La especie humana, no llegaba a un acuerdo, porque, así como los dioses estaban
maravillados de la belleza de todas las especies y dotados de un corazón y una inteligencia que los
hacia palidecer, sufrían por no decidir qué especie dar como tributo a los dioses para salvar su
especie. Llegado el día de ofrendar y salvar a la especie humana, los pueblos recién creados no
lograron decidir qué especie dar como tributo, por lo que enfermos de beber las aguas salinas, iban
desvaneciéndose uno a uno.
Pluma Ágil y Ave Colorida, los originarios del pueblo al cuidado de las aguas, consumado
su amor puro, viendo a sus hijos y a sus nietos crecer, decidieron aceptar el designio de los dioses
y sacrificar una especie, por lo que subieron hasta la punta del monte Nesh-mu o “pico alto”, y
desde la punta, donde todo daba vueltas, al unísono gritaron:
—Henos aquí, dioses divinos, que para salvarnos hemos decidido sacrificar una especie de
entre todas, como nos lo han solicitado.
Los dioses, en respuesta, abrieron un hueco en la tierra de donde surgirían las llamas
abrazantes de las estrellas, exigiendo se les informara de la especie elegida a sacrificio para su
salvación, la cual deberían arrojar al fondo de aquellas insoportables llamas.
Pero Pluma y Ave tenían un plan: en el momento en que los dioses esperaban en la
inmensidad de lo divino una respuesta, la anciana pareja, agarrados de la mano y con un dulce
abrazo, se arrojarían al fuego soltando un alarido que surcaría los aires:
-Decidimos sacrificar una especie: la nuestra; nuestro amor, que salvara las especies y la
nuestra.
Los dioses destellantes, cuyas centellas arrojadas por furia a la tierra, crearían las primeras
lascas de donde surgiría el fuego y las centellas; sin embargo, estaban tristes por el acto valeroso
de tales viejos, pero el acto de Ave y Pluma habría dado resultado.

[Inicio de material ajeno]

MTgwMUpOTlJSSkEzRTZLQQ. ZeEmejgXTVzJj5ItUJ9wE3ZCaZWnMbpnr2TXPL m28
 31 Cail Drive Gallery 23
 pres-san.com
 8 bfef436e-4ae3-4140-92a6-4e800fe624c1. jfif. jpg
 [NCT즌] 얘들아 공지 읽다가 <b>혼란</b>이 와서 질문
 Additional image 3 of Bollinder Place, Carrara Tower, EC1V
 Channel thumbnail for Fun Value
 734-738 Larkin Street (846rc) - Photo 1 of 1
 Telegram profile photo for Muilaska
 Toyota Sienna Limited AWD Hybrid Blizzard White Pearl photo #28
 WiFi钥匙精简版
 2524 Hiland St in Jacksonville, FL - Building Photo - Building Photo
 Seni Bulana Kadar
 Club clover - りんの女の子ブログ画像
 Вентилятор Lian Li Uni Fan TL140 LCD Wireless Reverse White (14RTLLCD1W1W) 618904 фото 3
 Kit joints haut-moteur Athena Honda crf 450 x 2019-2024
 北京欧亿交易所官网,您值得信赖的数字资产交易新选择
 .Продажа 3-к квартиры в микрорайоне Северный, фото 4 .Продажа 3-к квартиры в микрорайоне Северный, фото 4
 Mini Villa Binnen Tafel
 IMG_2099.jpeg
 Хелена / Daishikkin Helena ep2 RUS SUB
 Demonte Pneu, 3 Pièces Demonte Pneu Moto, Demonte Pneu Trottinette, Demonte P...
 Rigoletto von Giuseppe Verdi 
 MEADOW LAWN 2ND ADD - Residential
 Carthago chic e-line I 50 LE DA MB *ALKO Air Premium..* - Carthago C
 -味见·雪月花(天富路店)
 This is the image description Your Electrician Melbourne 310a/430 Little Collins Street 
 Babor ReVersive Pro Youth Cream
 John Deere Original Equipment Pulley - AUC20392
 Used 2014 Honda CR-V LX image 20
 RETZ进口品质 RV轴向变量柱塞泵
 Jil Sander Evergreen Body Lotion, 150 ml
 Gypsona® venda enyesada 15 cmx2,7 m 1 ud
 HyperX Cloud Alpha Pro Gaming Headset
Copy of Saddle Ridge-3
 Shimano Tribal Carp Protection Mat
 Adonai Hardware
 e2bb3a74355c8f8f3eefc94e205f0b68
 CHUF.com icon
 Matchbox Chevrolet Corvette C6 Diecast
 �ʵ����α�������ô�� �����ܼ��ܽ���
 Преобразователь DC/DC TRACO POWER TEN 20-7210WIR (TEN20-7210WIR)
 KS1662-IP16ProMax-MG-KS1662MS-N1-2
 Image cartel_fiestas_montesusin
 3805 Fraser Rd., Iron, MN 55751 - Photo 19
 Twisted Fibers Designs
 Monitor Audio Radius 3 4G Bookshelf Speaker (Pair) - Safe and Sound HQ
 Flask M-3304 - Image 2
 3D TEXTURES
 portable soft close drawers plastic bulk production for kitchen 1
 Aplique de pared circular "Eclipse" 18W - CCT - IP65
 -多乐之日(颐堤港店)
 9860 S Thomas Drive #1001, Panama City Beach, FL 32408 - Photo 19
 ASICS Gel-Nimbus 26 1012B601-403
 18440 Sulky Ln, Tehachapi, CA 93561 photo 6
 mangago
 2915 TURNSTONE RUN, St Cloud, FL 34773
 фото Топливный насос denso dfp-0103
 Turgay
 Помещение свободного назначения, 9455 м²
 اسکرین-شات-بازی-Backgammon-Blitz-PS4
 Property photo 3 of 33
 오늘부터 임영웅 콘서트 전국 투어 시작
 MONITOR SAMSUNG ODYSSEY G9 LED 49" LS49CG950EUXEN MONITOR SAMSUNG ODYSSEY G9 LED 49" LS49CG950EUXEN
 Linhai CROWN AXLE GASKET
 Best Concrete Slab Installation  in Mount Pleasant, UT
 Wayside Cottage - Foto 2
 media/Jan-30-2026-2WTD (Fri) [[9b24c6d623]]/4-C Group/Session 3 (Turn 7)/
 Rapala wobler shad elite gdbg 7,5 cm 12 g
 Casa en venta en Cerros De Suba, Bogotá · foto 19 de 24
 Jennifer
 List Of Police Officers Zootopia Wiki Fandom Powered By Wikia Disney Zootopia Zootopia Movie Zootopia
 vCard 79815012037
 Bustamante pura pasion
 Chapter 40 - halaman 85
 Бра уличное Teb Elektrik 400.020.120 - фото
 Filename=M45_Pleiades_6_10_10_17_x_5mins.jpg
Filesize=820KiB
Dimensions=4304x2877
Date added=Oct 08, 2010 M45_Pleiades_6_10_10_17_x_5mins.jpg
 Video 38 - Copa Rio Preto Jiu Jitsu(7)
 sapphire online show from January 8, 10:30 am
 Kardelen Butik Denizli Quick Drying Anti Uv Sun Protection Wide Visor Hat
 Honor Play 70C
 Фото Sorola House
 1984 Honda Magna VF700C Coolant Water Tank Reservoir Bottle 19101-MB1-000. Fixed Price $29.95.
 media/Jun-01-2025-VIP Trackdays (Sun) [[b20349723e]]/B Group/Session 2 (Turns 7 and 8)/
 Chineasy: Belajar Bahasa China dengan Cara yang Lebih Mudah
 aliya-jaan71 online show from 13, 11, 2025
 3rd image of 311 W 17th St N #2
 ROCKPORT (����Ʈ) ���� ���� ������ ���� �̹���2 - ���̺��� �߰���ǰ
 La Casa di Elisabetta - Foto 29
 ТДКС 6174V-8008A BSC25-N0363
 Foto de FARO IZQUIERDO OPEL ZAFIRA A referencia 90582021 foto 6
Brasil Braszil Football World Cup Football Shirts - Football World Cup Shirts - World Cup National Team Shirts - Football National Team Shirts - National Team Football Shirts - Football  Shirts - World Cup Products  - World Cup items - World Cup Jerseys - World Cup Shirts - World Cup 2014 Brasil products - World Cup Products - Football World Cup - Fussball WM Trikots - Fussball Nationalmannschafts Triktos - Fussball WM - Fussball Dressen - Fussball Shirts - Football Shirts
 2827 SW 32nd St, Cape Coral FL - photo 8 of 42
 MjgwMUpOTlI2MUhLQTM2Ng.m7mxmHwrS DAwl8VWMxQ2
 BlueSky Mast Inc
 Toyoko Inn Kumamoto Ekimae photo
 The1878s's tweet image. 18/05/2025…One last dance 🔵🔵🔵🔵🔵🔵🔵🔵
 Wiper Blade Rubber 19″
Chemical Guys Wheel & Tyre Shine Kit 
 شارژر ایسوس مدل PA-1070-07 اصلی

Ea-etl y En-etl, reconociendo
el sacrificio de sus creaciones, derramarían lagrimas que caerían al mundo eternamente y que, en
combinación de la reciente creación de los rayos, provocarían los más fuertes incendios, dejando
los vastos bosques hechos ramas y cenizas, pero cuyo fuego y mares de humo inundarían el cielo,
creando las nubes, contenidas de lágrimas divinas, convulsionarían, precipitándose dulcemente
sobre el mundo, dando origen a las aguas dulces.
Así, los seres humanos y demás especies beberían de las aguas dulces, y de dichas aguas
sobrevivirían las aves de su largo vuelo, y sería el hogar de nuevas especies marinas, y de su ciclo
vital germinarían las tierras, y la especie humana bebería de ellas; ellos, la venerarían, dando origen
así al pueblo de las lluvias eternas.